Modern morality: I think my boyfriend fell for an online dating scammer

Question: A friend of mine started using dating sites after she broke up with her husband. She recently met a man who lives abroad on one of these sites and she seems to be falling in love with him.
I’ve seen the photos of him and he’s extremely handsome. He claims to work in a lucrative industry and seems keen to come to Ireland to visit.
I’ve been on dating sites myself for the last few years and to be honest it seems too good to be true. I also find it very strange that they have never had a FaceTime call. He made up an excuse that his phone camera is broken…
It seems I only have two choices. I can share my concerns with her, but she’ll probably just tell me I’m jealous that she found someone. Or I can do some research myself to prove to her he’s not who he says he is.
What should I do?
Answers: It sounds like your girlfriend threw herself into the world of online dating without much guidance. She probably could have used some advice from a seasoned practitioner or someone to help her spot the common warning signs and avoid rookie mistakes.
What may seem obvious to you – a person familiar with the online dating scene – may have passed over your boyfriend. Maybe she didn’t have an opportunity to sharpen her critical thinking skills. Or maybe she’s never really engaged with the language, rituals, and norms of an essentially new world.
I shared your dilemma with cyberpsychology researcher Dr. Nicola Fox Hamilton, who notes that there are a number of red flags to watch out for to avoid falling for a romance scam. And as you rightly pointed out, many of them describe the person your boyfriend has fallen in love with.
“The first and most important thing is that they created a personality that can’t just meet in person – for example, they live abroad,” she says. “They’ll also find ways to avoid video chatting and phone calls because they’re not who they say they are, and that’s immediately apparent on a video call.”
The strategy used by these scammers is to create a very attractive profile, she says. “The men or women portrayed are very good looking, and men usually have well-paying careers abroad – military, medical, construction or the like, while women usually live in an economically disadvantaged country and therefore cannot travel easily.
“In this particular case, the fact that they’re in a lucrative career but can’t fix their phone on FaceTime or buy a new phone is a very important red flag.”
Does this prove the man your boyfriend is dating is a scammer? No it does not. But it confirms that his behavior bears all the hallmarks of a love scam and your suspicions are indeed justified.
As a preliminary security measure, Hamilton suggests your friend use Google’s reverse image search tool, which allows her to verify that his profile picture from the dating site belongs to someone else or is actually a stock image.
That may help you with the “investigation” part of your dilemma, but it doesn’t really help with the overall puzzle of addressing the issue with your friend, or the emotional seesaw that’s likely ahead of you.
I also shared your dilemma with Mairéad Loughman from Love HQ. As a professional matchmaker, she has met many men and women over the years previously targeted by online dating scammers, some of them for large amounts of money.
Loughman knows firsthand how devastating this situation can be and how embarrassed and stupid people can feel when they realize they have been scammed. She also knows how important it is to recognize the warning signs before it’s too late.

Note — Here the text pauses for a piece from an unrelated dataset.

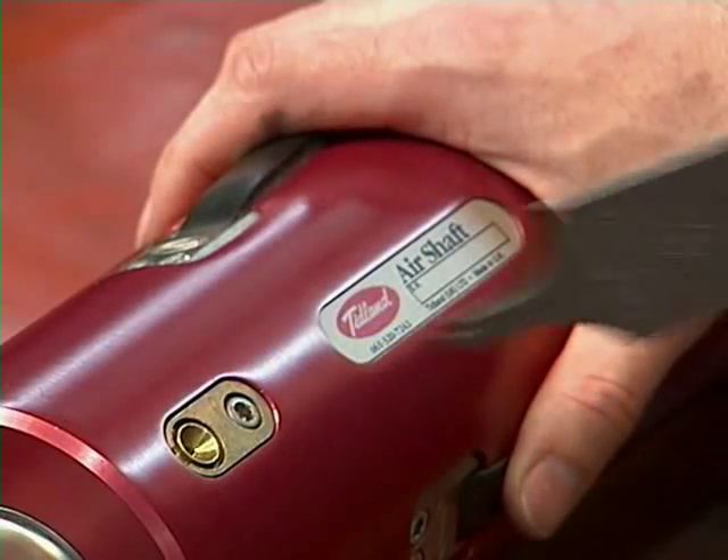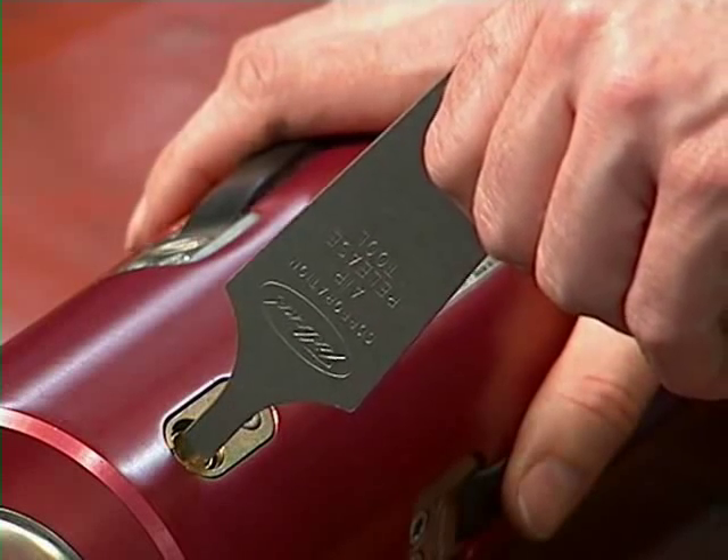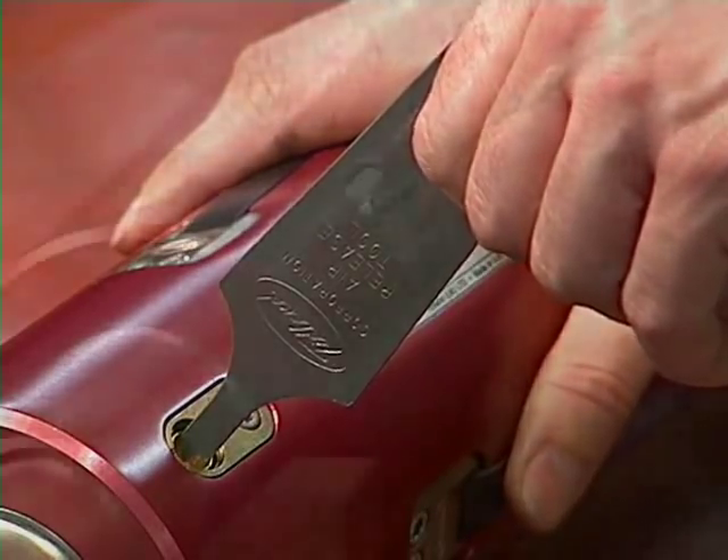Before replacing the external bladders on a TIDLAND shaft, ensure that all of the air has been removed from the shaft. Use the TIDLAND air release tool to accomplish this.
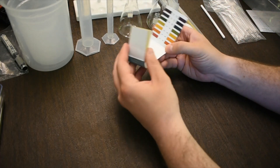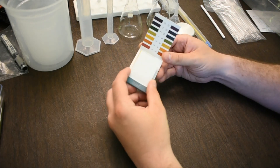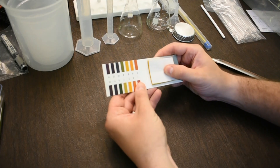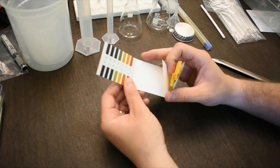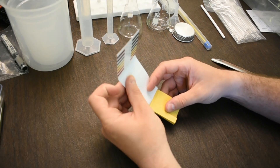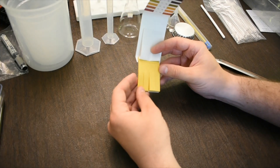We also have pH paper. When you open it up, there will be a colored scale that tells you what the different pH values correspond to, and then there are individual pH paper strips you can rip off and use.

“Unfortunately, this lady is having a very hard time deciding between being a good friend and hurting her friend’s feelings,” she says. “As a good friend, she has something to say. However, she must tread carefully. Perhaps ask why she is attracted to this person and talk about the reasons she is discussing.
“Sometimes people are lonely and confuse attraction with attention, so maybe she could arrange to spend time with her girlfriend too.”
Psychosexual and relationship therapist Aoife Drury offered similar advice.
“Sharing worries may not be easy and may be met with anger, disappointment, or resistance,” she says. “While doing investigative work and getting evidence to your friend may feel helpful, it can only end up embarrassing or undermining her and pushing you away.”
Drury suggests opening the dialogue. “Explaining your fears can serve as a reminder for them of how much they are cared for and supported if something goes wrong,” she says.
“It might be a better start to address your concerns with her from a caring and loving perspective. She might even share some of your concerns and your conversation might transform your relationships instead. It could then be the case that this investigation that you are talking about could be carried out jointly. It’s important to remind them that regardless, you’re there to support them.”
This could also be an opportunity to discuss general online dating safety tips with your boyfriend. When working with people who use dating apps, Loughman advises them to meet their partners in person within 30 days, but ideally within two weeks. “And yes, that includes people who live abroad,” she says.
“Overall, dating is a big part of going with your gut,” she adds. “If it’s too good to be true, it always is.”